Archive for December, 2010

The treatment of herniated disks happen it through surgery?

Monday, December 27th, 2010

by Gary Stone

An estimated 60% to 80% of the population suffer from backache at least once in his life (see here). In most cases, the pain is localized to the lower back, corresponding to the lumbar vertebrae. These disorders are particularly common in rheumatology consultation, but also the firm of generalist. Their socio-economic cost is significant because these low back pain account for approximately 20% of work stoppages and 7% of accidents, with suites often difficult.

The emotional suffering that connects the spine to the individual is linked to two major concerns: the paralysis or cancer that doctors fail to diagnose. These fears are rarely expressed and often underpinned by the knowledge of an exemplary case in the entourage.

The management of back pain takes time to listen to the grievances of the patient, Gary Stone explains, experience and careful consideration. The origin of spinal pain is even more difficult to establish that there is no parallelism between the intensity of pain and radiologic appearance.

The inter-vertebral disk is a cartilage which has a particular role with some damper device more rigid, the annulus, and a central part hydrated, the nucleus. Constraints and duplication of effort will cause cracks with migration of the nucleus: the herniated disk.

At age 40, it is associated with lesions of osteoarthritis more or less extensive and characterized by destruction of cartilage with bone formation, osteophytes.

The herniated disk is not visible on plain radio-graphs that are especially useful for not missing a tumor lesion, cancerous, or ankylosing spondylitis disco-vertebral infection. Modern imaging, CT or MRI can demonstrate the existence of anatomical herniated disk, but allows no conclusion on its clinical consequences automatic.

Neural structures

Back pain can radiate, depending on the location of the hernia, behind the thigh and leg is sciatica, or the front of the thigh is the femoral nerve neuralgia. You should know that over 80% of cases the pain resolves spontaneously within a period which can reach six months.

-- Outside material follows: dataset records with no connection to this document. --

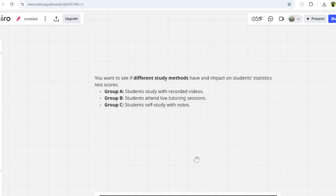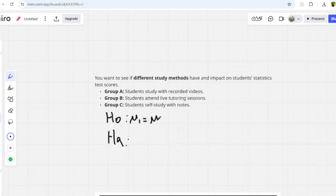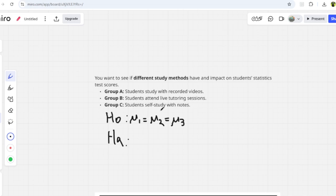They will ask you to write the null and alternative hypothesis. The null hypothesis is denoted H₀ and the alternative hypothesis is denoted Hₐ. The null hypothesis is written as μ₁ = μ₂ = μ₃, meaning that whether students study with recorded videos, attend live tutoring, or do self-study, the average test marks will be the same.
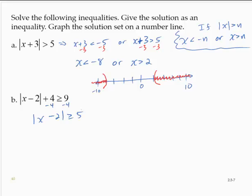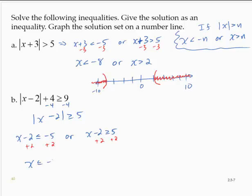Now I'm going to break this up as a compound inequality. x minus 2 is less than or equal to negative 5, or x minus 2 is greater than or equal to positive 5. Adding 2 to both sides of each inequality yields x is less than or equal to negative 3, or x is greater than or equal to 7.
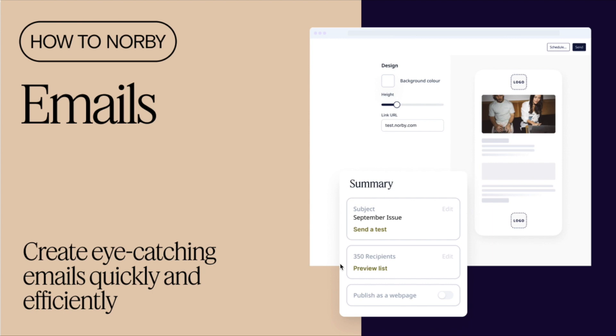Hi there! Welcome to How to Norby with Emails. In this tutorial, we'll explore the powerful features of the SENS Email Builder. Let's get started!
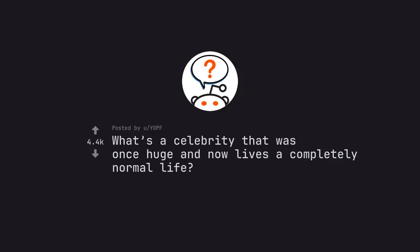Ask Reddit. What's a celebrity that was once huge and now lives a completely normal life?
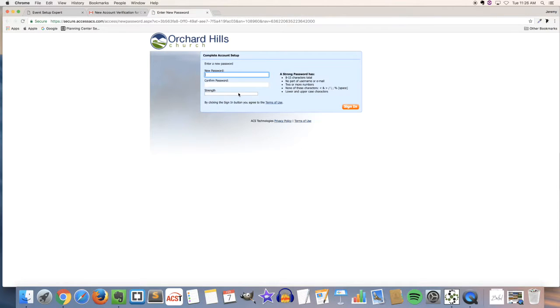So follow the instructions on the right side and create a new password and then click sign in.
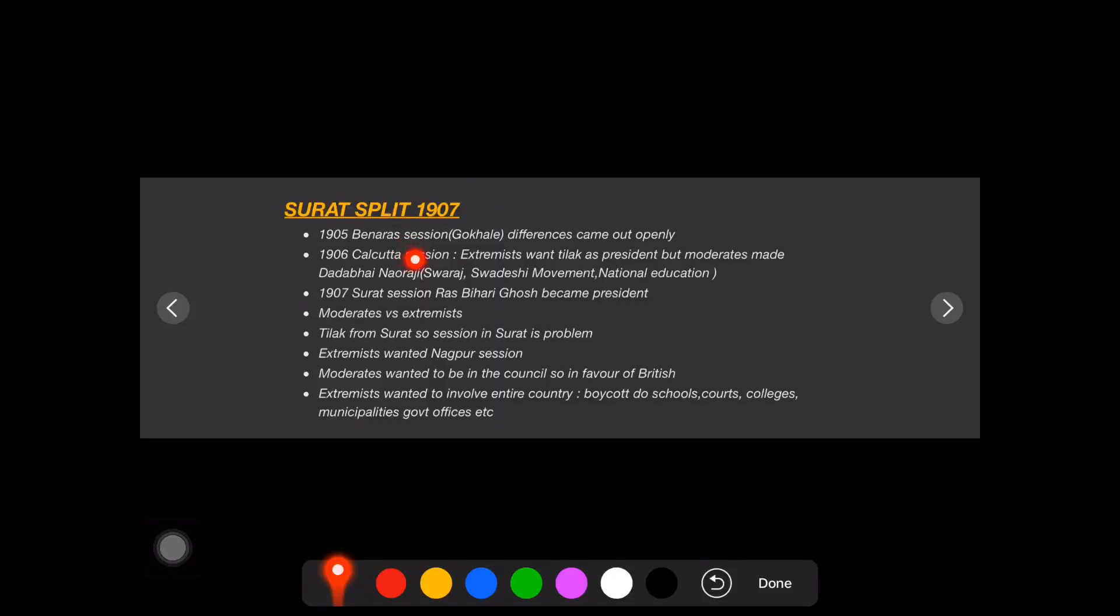In this video we will be discussing the Surat Split which happened in 1907. It's generally between moderates and extremists. Let's see how it all started in 1905 in the Banaras session. Gokhale was heading it and the differences came out openly between the moderates and extremists.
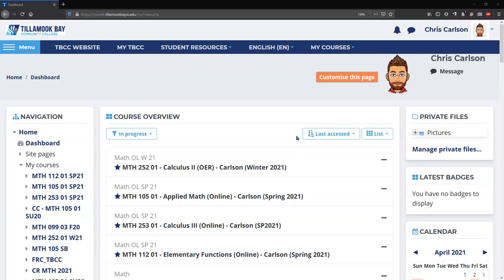When you first log into Moodle, you're going to arrive at what's called the dashboard, which is what we're looking at here.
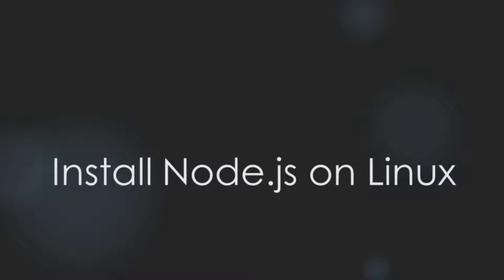Hello. In our last video, we learned how to install Node.js on Windows and Mac. So let's learn how to install Node.js on Linux.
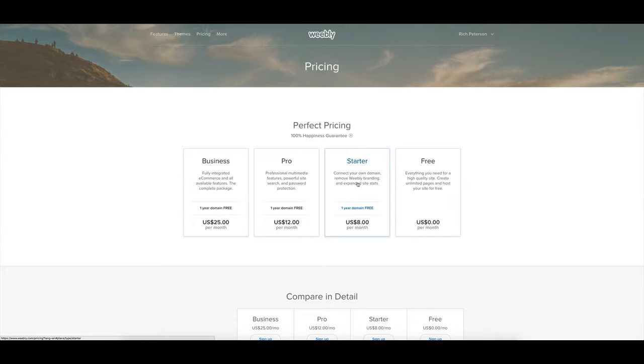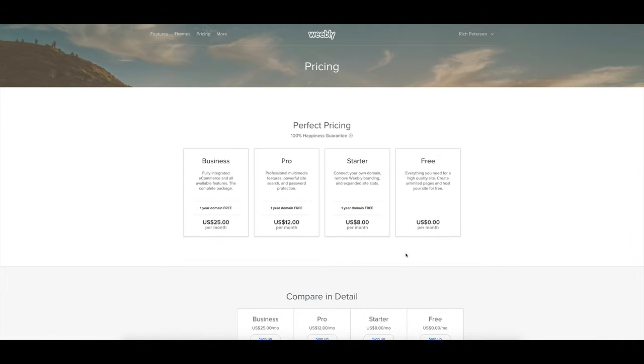Then you can have a starter website for eight dollars per month which gives you a one-year free domain name but you will have to pay for the renewal on that. That'll take away that Weebly branding. You won't have to have their custom domain name and you'll get some extra site statistics.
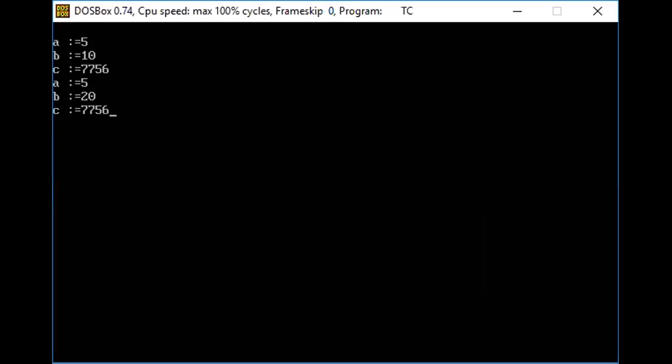You'll be getting this as output — it will be some random value like seven, seven, five, six. The same output you are able to get with Turbo C as well. From here onwards, we'll see a few programs with the online compiler and with Turbo C, so you'll be familiar with both.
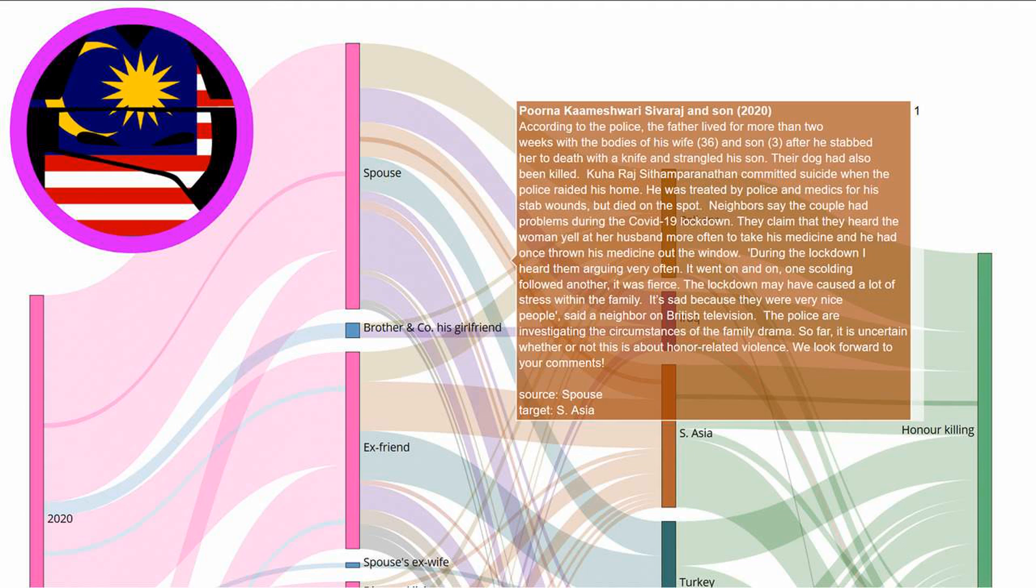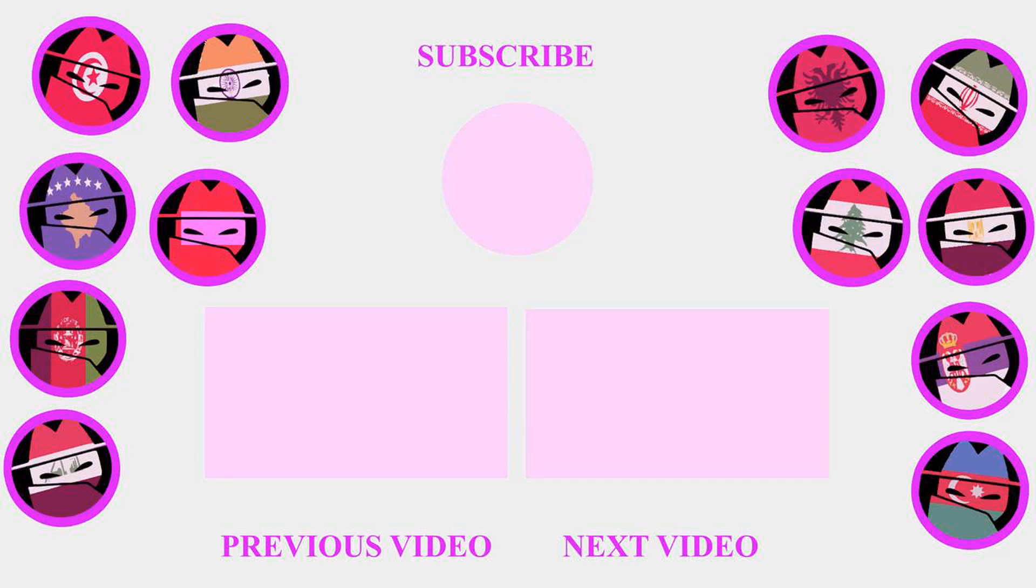We look forward to your comments. Thank you for watching this video and helping us to build a large database of stories about honor killings. Please subscribe to our channel Honor Killing on YouTube.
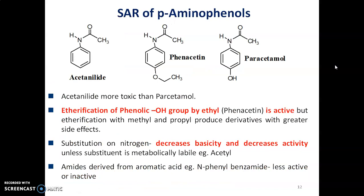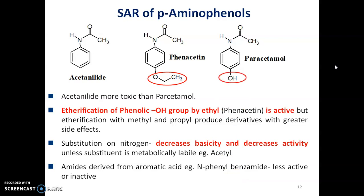Now let us discuss the SAR of para-aminophenols. Acetanilide is more toxic than paracetamol. Etherification of phenolic OH with ethyl gave phenacetin, which is active, but etherification with methyl and propyl produces derivatives with greater side effects. Substitution on nitrogen decreases basicity and also decreases activity. Amides derived from aromatic acids gave N-phenylbenzamide derivatives which are less active or inactive.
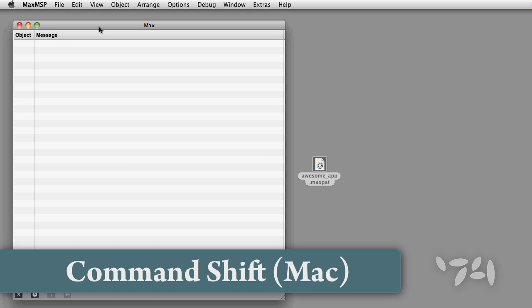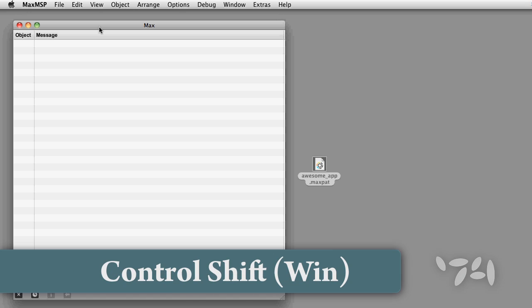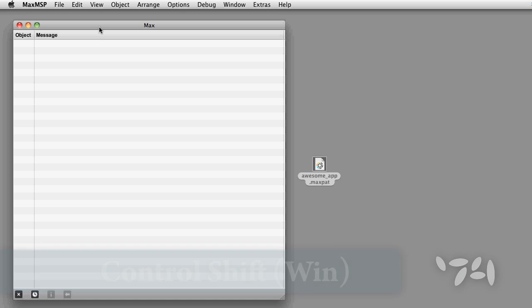If I hold down shift and command on Mac or shift and control on Windows while opening a patcher, it will prevent the loadbang or loadmess objects from firing.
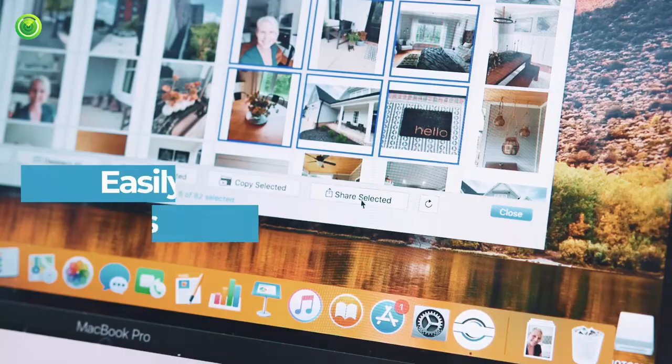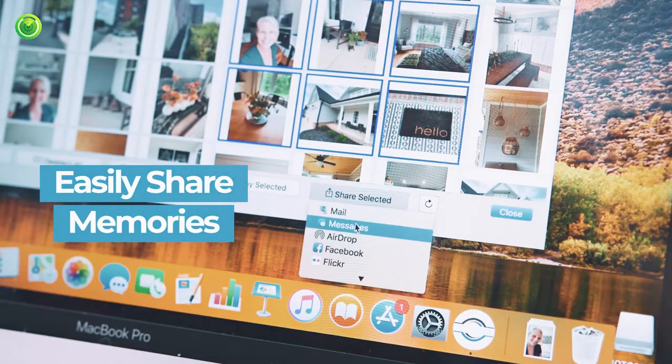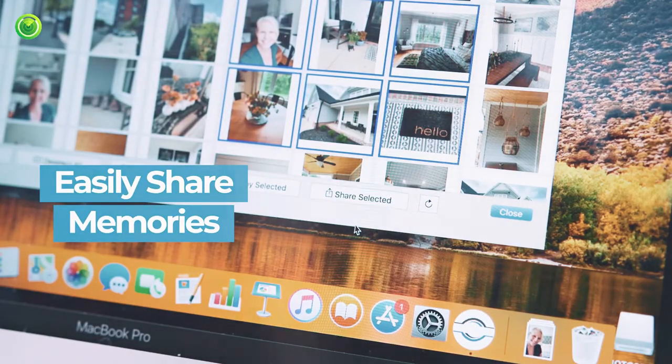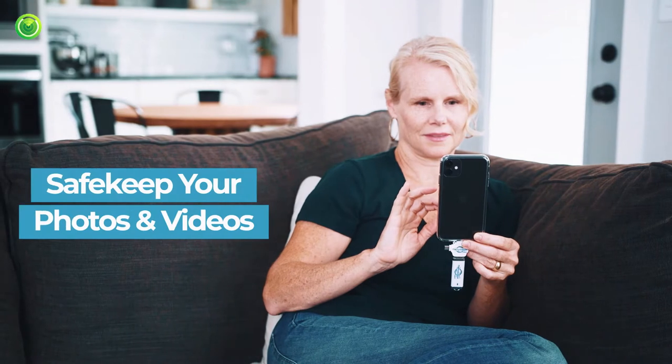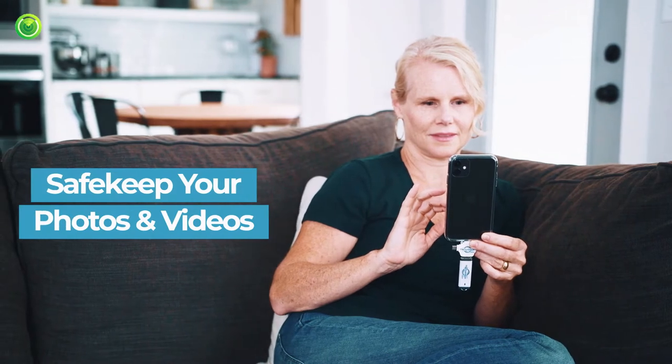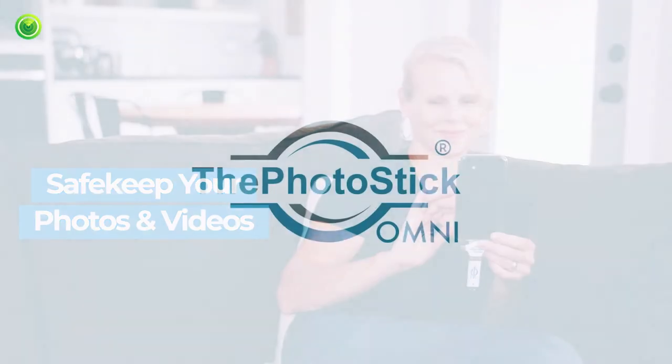Store and view your photos across all your devices, and easily share memories with friends and family for all to remember. Save and keep your photos and videos with the PhotoStick Omni.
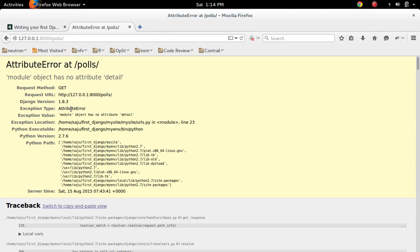If you are getting an error like this AttributeError, module object has no attribute detail, that means you haven't defined the method detail in views.py.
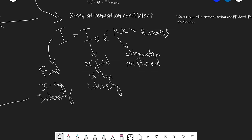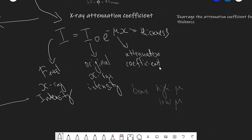Now let's look at the x-ray attenuation coefficient. The equation is I = I₀e^(−μx). Attenuation simply means absorption — given a tissue, how much x-ray does it absorb? I is the final intensity, I₀ is the original x-ray intensity, and μ is the attenuation coefficient, telling you how much x-rays are absorbed. Bone has a high μ, while soft tissue like muscle has a low attenuation coefficient. x is the thickness — thicker material absorbs more x-rays.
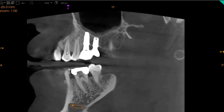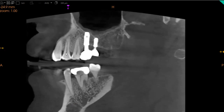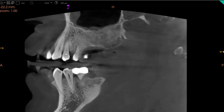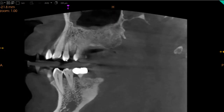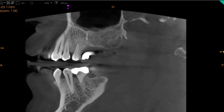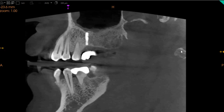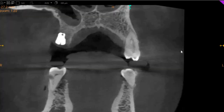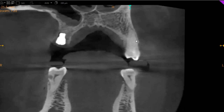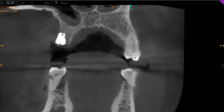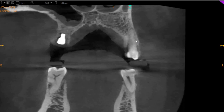On the sagittal view, we don't see any significant fracture lines, we don't see any cracks, and we don't see any J-shaped radiolucencies or any furcal bone loss associated with these teeth. The coronal view, which is the front-to-back view — here you can see that this is the upper left four.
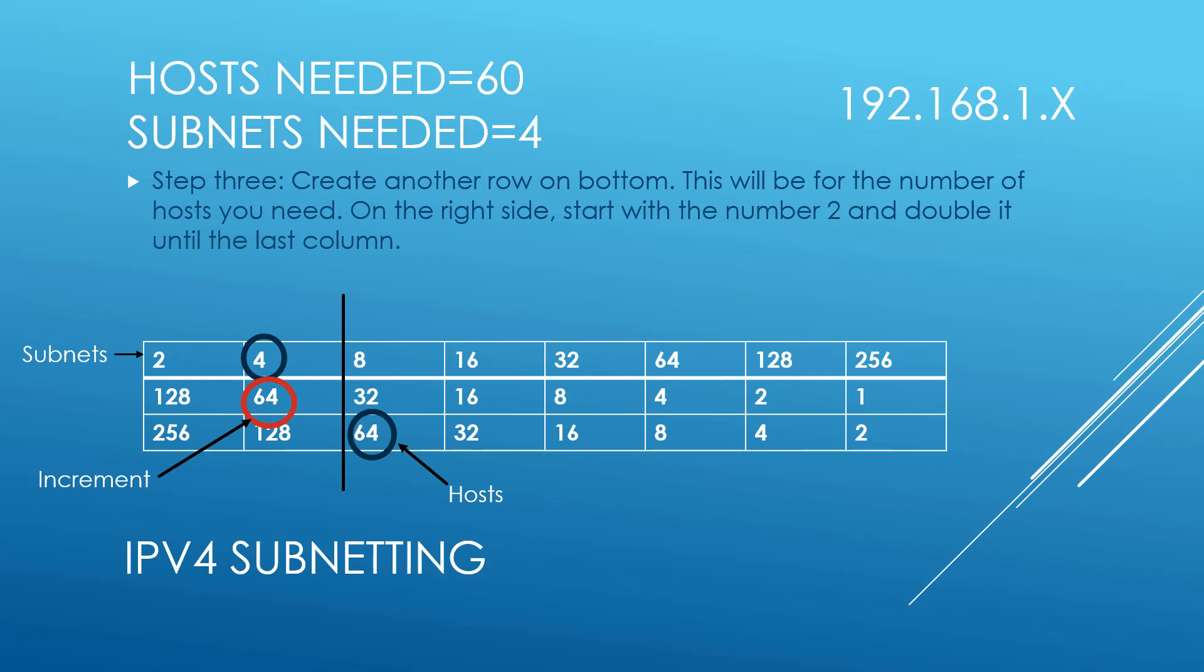The next thing we're going to do is create another row on bottom. This is going to be for the number of hosts that you need. So on the right side, you're going to start with the number 2 and double it until you reach the last column: 2, 4, 8, 16, 32, 64, 128, and 256. Now because we need 60 hosts, the closest number is 64. So let's circle that number.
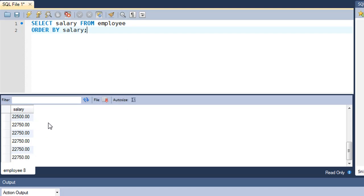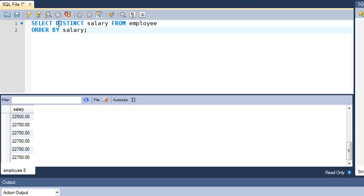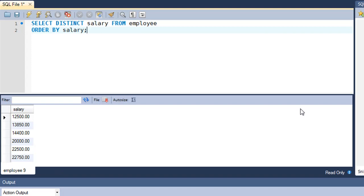So if you just want to see the repeated values once in the result set — to know what salaries are being offered by the company — all you have to do is type the keyword DISTINCT before the name of the column. That's D-I-S-T-I-N-C-T. When I press Ctrl+Enter, you see that in the result set I get fewer records: 12,500 only once, 13,850 once, 14,400 once — all entries appear once. That's what the DISTINCT keyword is used for.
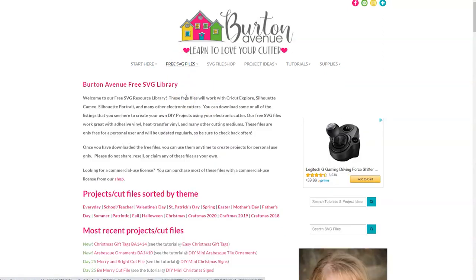You will need a password to get in and there are instructions on the screen if you need to get one. Once you're in the library you can search for the file Christmas gift tag. It will either be listed under the most recent projects and cut files or under the category Christmas.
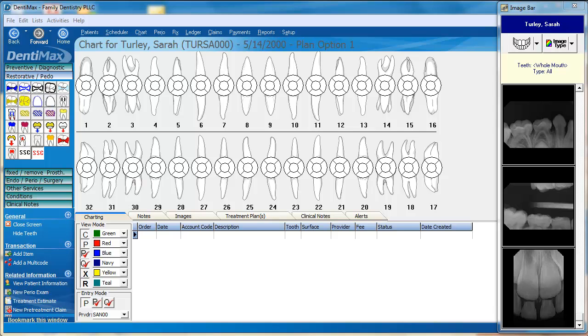Welcome to the DentiMax tip of the week. Today we're going to look at various options for viewing our charting screen.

Rare are the cases where surgery is needed immediately. It can be a pain to extreme violence, resistant to major analgesics, especially with functional impairment or progressive neurological complications. They involve varying degrees of sphincter dysfunction and lower limb paralysis that depend on the headquarters of the herniated disk. Urinary problems are immediately consider intervention. The paralysis may be initially supported medically unless there is a gradual worsening.

Whatever the technique used, surgery aims to decompress the neural structures in the spinal canal. In a young patient, some have proposed that the disk curettage by the establishment of an inter-vertebral disk prosthesis. The advantage of this technique is still under discussion.

Surgery for herniated disk is not a panacea. It can be complicated by nosocomial discitis. The paralysis does not resolve more quickly after surgery with rehabilitation alone. The pain may persist unchanged or even increased. Mention was used as an explanation of the phenomena of scarring. It is now believed that these lesions of nerve roots, often lifelong, by vascular thrombosis. For surgeons, the excessive attention and the contemplative attitude of some rheumatologists favor these root lesions.